By Joseph Goldstein and Taimoor Shah, The New York Times writers
KABUL, Afghanistan — A campaign of kidnappings against the Hazara ethnic group intensified on Saturday as gunmen stopped a number of buses along Afghanistan’s main highway and separated out the Hazara passengers, officials said.
By morning, between 14 and 30 Hazara passengers had been seized along a stretch of Highway 1 in Zabul Province, in the south of the country, and taken away, three security officials said, each citing a different number of kidnapped people.
There have been numerous episodes this year involving Hazara motorists and bus passengers. While some of those kidnapped have been released after negotiations, others have been killed: This month, militants affiliated with the Islamic State are believed to have beheaded seven Hazara captives, among them a 9-year-old girl.

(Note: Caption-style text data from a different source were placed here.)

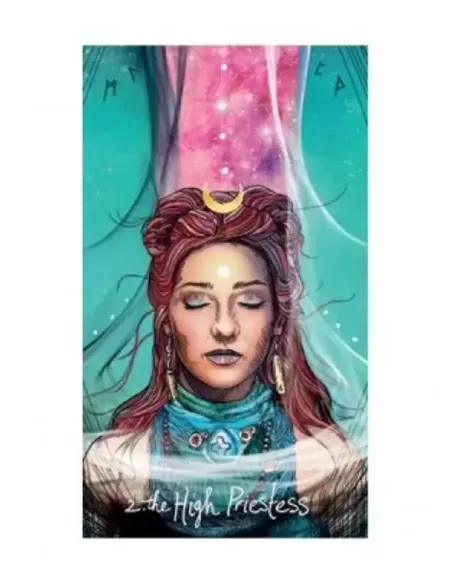 THE LIGHT SEERS TAROT CARDS – Set tarot introspectiv | Emagie.ro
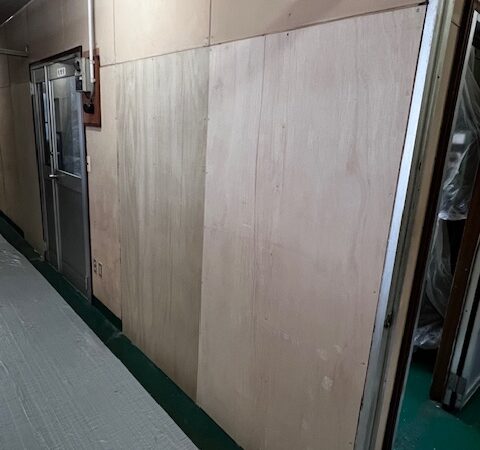 気になる所、まとめて解決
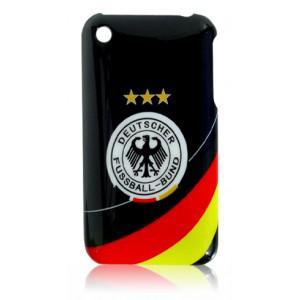 iPhone : je n'aimerais pas être un ministre allemand...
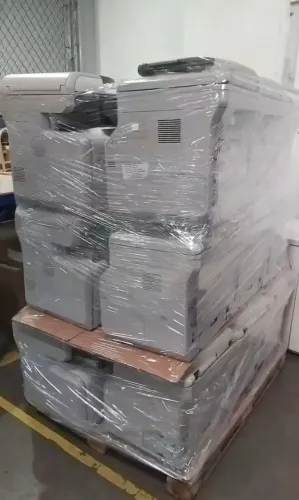 LOTE RICOH MP 402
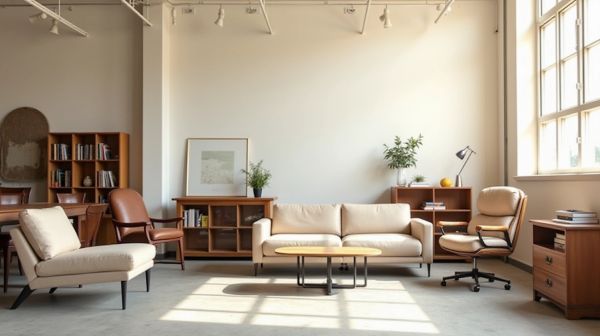 Les meilleures affaires de mobilier à Le Dépôt Bailleul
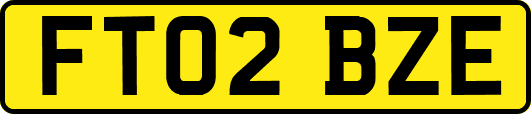 FT02BZE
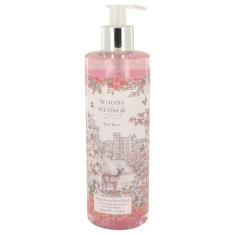 Perfume Feminino Woods Of Windsor 350 Ml Hand Wash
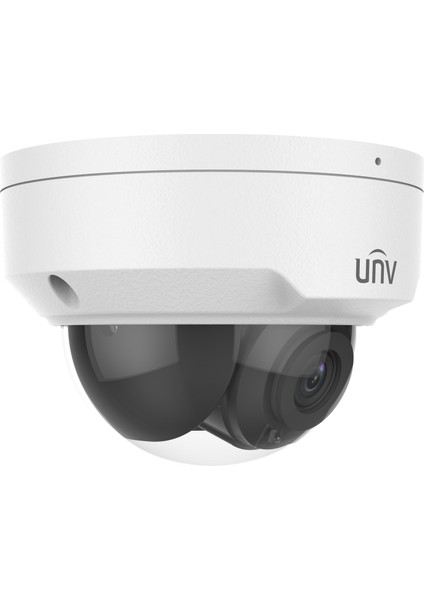IPC324LB-ASF28K-A 4mp Mini Ir Dome Ip Kamera (Sesli)
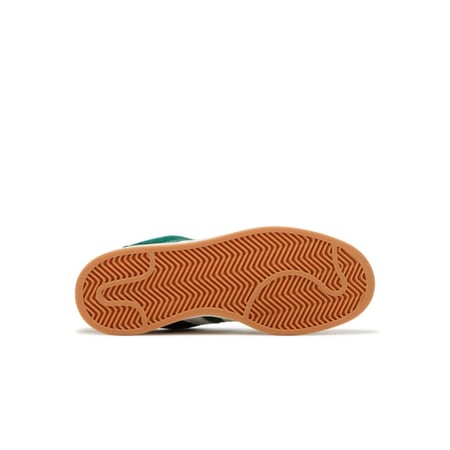 CAMPUS 00S 'DARK GREEN GUM'
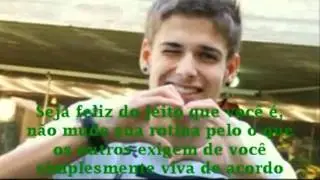 Parab&eacute;ns Gustavo Foshi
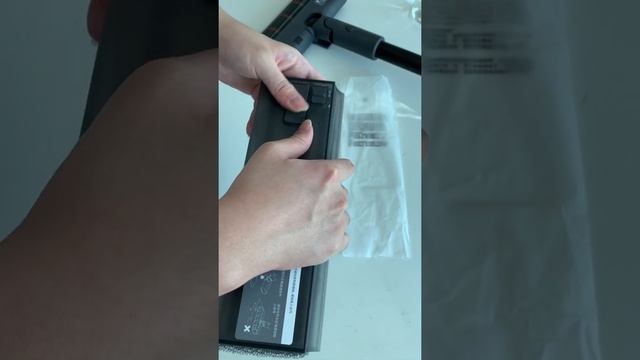 Dreame V12 Mopping Function (Chinese Version only) Review смотреть онлайн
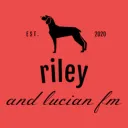 Riley and Lucian FM official!!!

The government’s powerlessness to stop kidnappings along the country’s main highway — or to return the captives to safety — presents a growing political crisis to the presidency of Ashraf Ghani, just over a year old. After the seven captives were killed this month, thousands of mostly Hazara protesters carried the coffins to the presidential palace, in what was the largest political demonstration in Kabul in years. Guards shot and wounded as many as 10 protesters as some of them scaled walls to enter a palace parking lot.
It was not known whether the Islamic State or the Taliban were behind the kidnappings on Saturday. Both organizations have targeted Hazaras in the past.
“Security forces are investigating the case and will find out who kidnapped them,” Assadullah Kakar, a member of Zabul’s provincial council, said on Saturday.
A driver of one of the buses that were stopped, who gave his name as Shawali, said that six or seven militants climbed aboard and began pulling Hazara passengers out of their seats.
“They were very angry and treating passengers like animals,” he said. “They were telling passengers not to talk as they eagerly looked for Hazara people.”
Just last month, the top American general in Afghanistan, John F. Campbell, testified to a House committee about the state of security in Afghanistan and claimed that Afghans “continue to have, as I said, freedom of movement on Highway 1.”
But for Hazaras, bus trips down that highway are a source of dread. This year alone, as many as 31 Hazaras were abducted in a single episode, said Hassan Raza Yusufi, a Hazara member of the provincial council in Ghazni, which sits along Highway 1. Mr. Yusufi said there had been at least five other kidnappings of Hazaras along the portion of Highway 1 between Kabul and Kandahar this year.
“We blame the government for not taking enough security measures on the highways to protect its people,” Mr. Yusufi said.
The government’s poor record of securing the release of kidnapped Hazaras is another sign of its limited — and receding — authority in parts of the country. This month, the fate of the seven beheaded Hazara victims was discovered not by government forces but by the Taliban fighters who were advancing into a part of Zabul Province held by militants loyal to the Islamic State. Taliban fighters arranged for a truck driver to take the bodies to a government hospital.
Hazaras, historically Afghanistan’s most persecuted ethnic group, account for perhaps 5 to 10 percent of the country’s population, although statistics on demographics here are often based on estimates or guesswork. Hazaras are mostly Shiite in an overwhelmingly Sunni country, and Afghans of other ethnicities have long pilloried them as outsiders, possibly descendants of the Mongol invaders who once swept through the region. They faced persecution and campaigns of murder during years of Taliban rule.
This latest wave of violence against them comes after a decade of upward mobility. Since the fall of the Taliban in 2001, Hazaras have become well represented in the country’s universities and have obtained a degree of political power that has historically eluded them.
But the rise in kidnappings may be leading many Hazaras to question their future in Afghanistan. As Afghanistanis have joined the migrant trail to Europe, Hazaras are said to be leaving at a disproportionate rate, although statistical evidence is nonexistent.